Introduction (Where I Prime You for the Rest)
'm a trained hypnotist.
And I'm going to tell you about the spookiest year of my life. It happened between June 2015 and November 2016. Okay, that's a little more than a year.
Everything you are about to read in this book is true, as far as I know. I don't expect you to believe all of it. (Who could?) But I promise it is true, to the best of my knowledge.
I've waited decades to deliver the message in this book. I waited because the world wasn't ready, but also because the messenger-yours truly-didn't have the skill to deliver it right. The story was too hard to tell. But it was important, and it needed to be told.
And so I waited.
And I learned.
And I practiced.
And I waited some more.
Then it happened.
On June 16, 2015, Donald J. Trump rode a golden elevator in Trump Tower to the lobby, where he announced his candidacy for president of the United States. Like most observers at the time, I didn't fully understand what I was seeing. It wasn't until the first Republican primary debate that I realized what was happening right before our eyes. Trump was no ordinary politician. He was no ordinary businessperson either. In fact, he wasn't ordinary in any sense of the word.

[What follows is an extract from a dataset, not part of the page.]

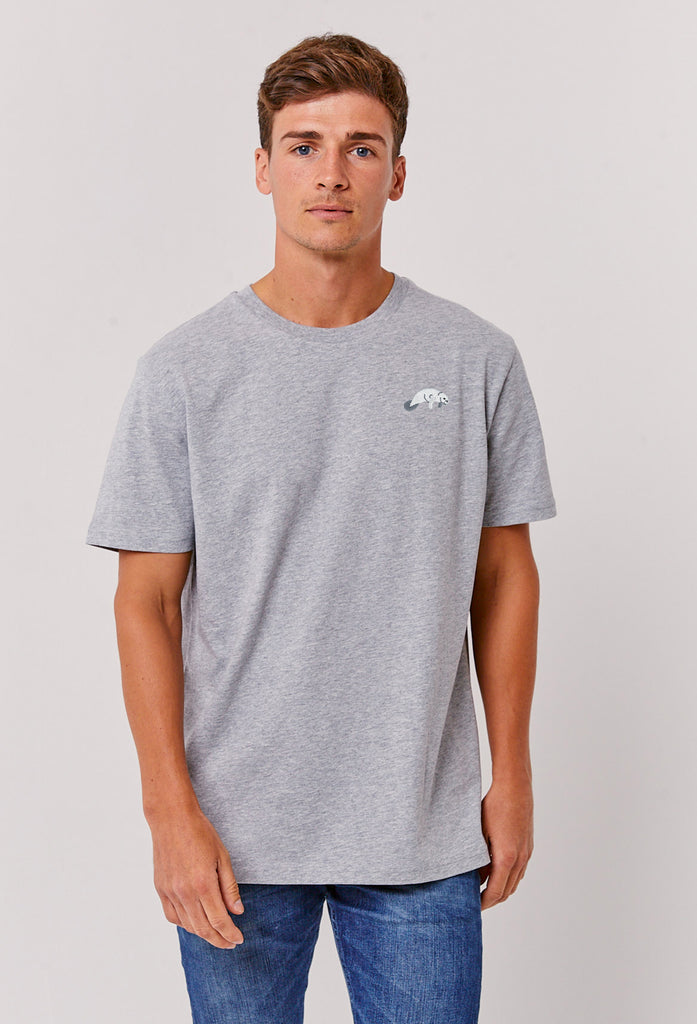 manatee mens t-shirt Big Wild Thought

Trump is what I call a Master Persuader. That means he has weapons-grade persuasion skills. Based on my background in that field, I recognized his talents early. And after watching him in action during the election, I have to say that Trump is the most persuasive human I have ever observed.
President Trump carried those persuasion skills into the White House, where his supporters say he has gotten a lot done, and his critics say he hasn't. Supporters pointed to a decrease in illegal immigration, a strong stock market (at this writing), high consumer confidence, progress fighting ISIS, a solid Supreme Court nominee, and a stronger-than-expected foreign policy game. Critics saw "chaos" in the administration, slow progress on health-care reform, and maybe some kind of nefarious connections with Russia.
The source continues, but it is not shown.